WORK REQUIRED >> Every line below between the line holding "211 S Viking Vie, Lee, IL 60530" and the line holding "Volkswagen PASSAT B7", inclusive, should be repeated exactly, and all other lines omitted.

RECORDS FOR THIS TASK >>
···
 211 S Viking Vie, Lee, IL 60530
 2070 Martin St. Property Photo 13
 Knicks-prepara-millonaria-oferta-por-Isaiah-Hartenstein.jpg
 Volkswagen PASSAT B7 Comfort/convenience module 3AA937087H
···
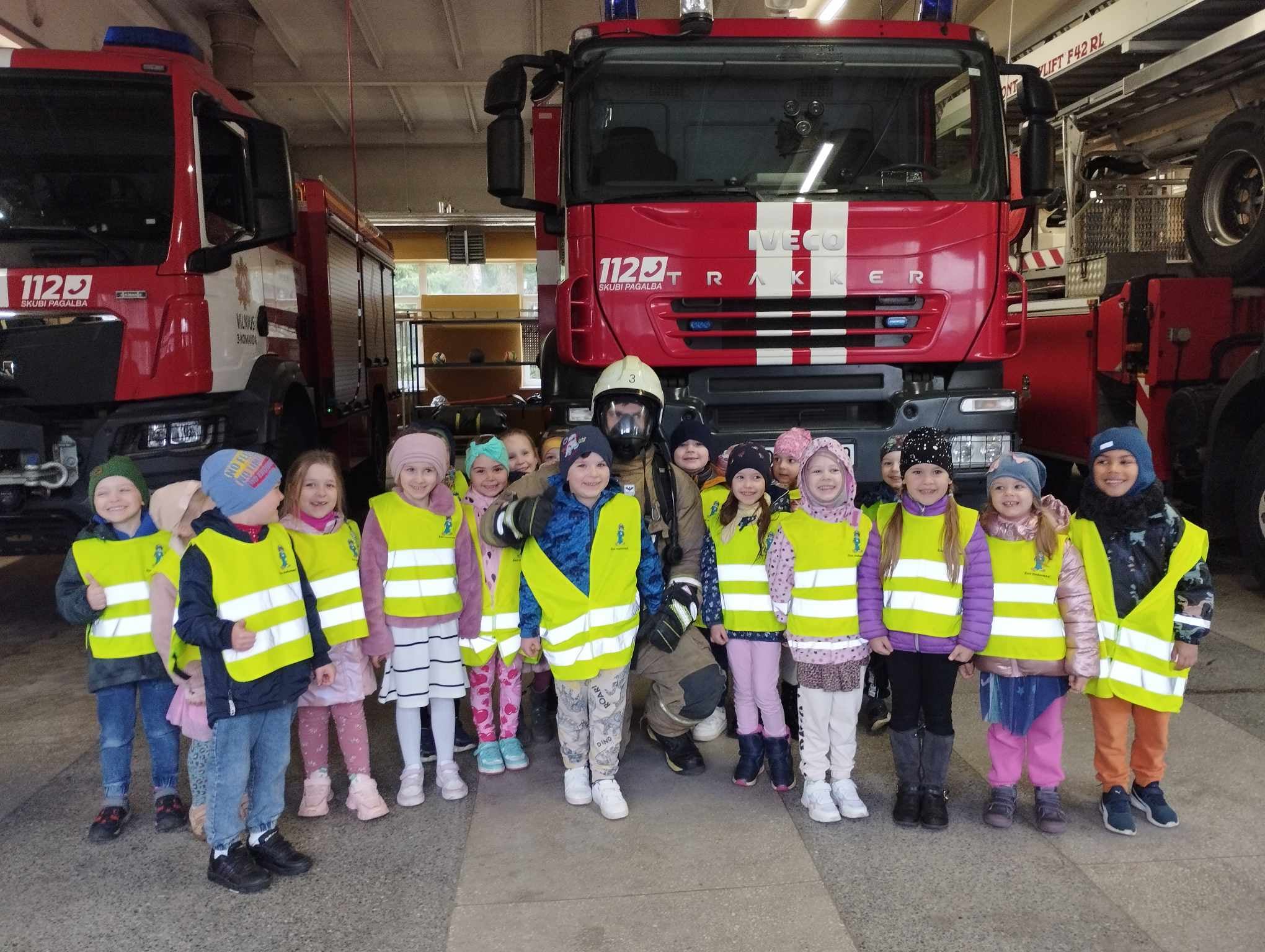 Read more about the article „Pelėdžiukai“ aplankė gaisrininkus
···
WRITTEN SOLUTION >>
 211 S Viking Vie, Lee, IL 60530
 2070 Martin St. Property Photo 13
 Knicks-prepara-millonaria-oferta-por-Isaiah-Hartenstein.jpg
 Volkswagen PASSAT B7 Comfort/convenience module 3AA937087H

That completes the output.